Data below —
<<<<

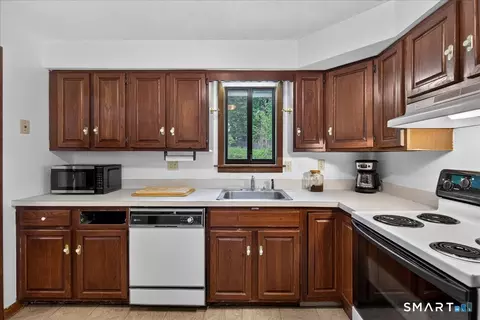 Kitchen - 35 Aileen Dr, Madison, CT 06443 photo 3 of 4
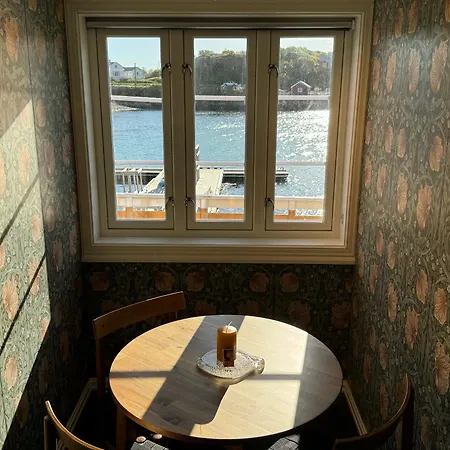 Sakrisoy Rorbuer Reine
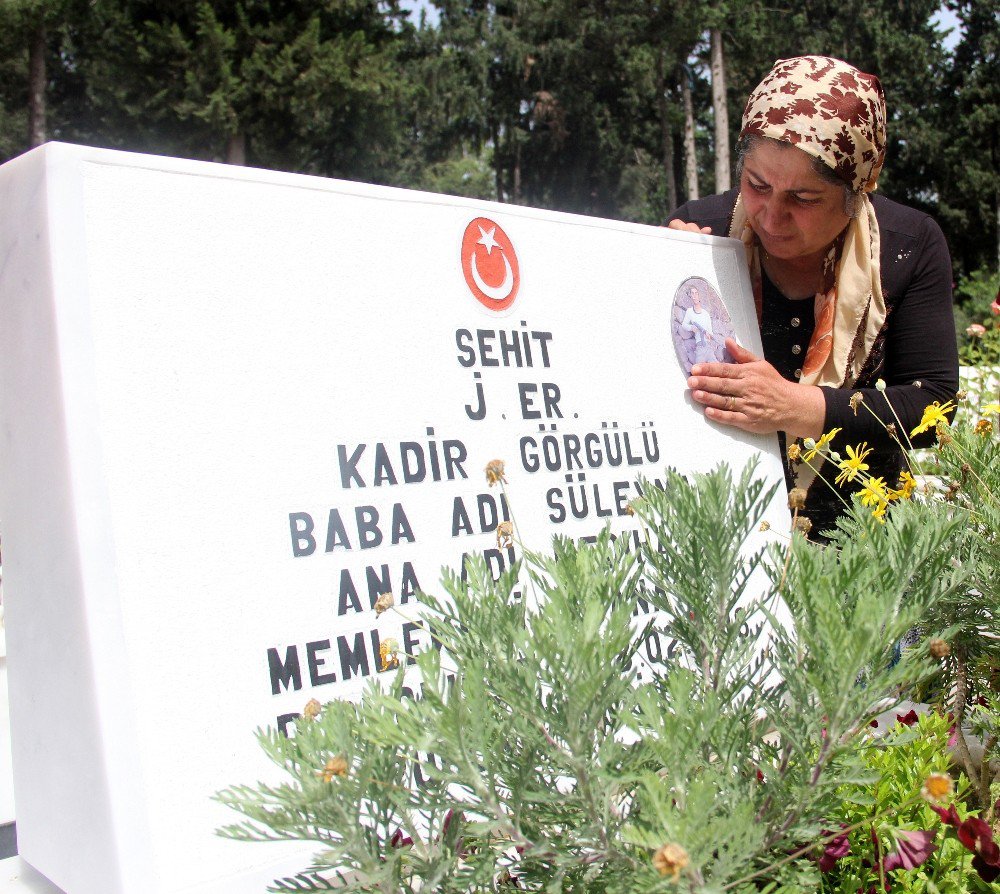 Şehit Annesi: "Anneler Günü Ama Evladım Yok"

>>>>

Only the text of the listing above is copied, exactly as written; its pictures are dropped.

Written answer —
 Kitchen - 35 Aileen Dr, Madison, CT 06443 photo 3 of 4
 Sakrisoy Rorbuer Reine
 Şehit Annesi: "Anneler Günü Ama Evladım Yok"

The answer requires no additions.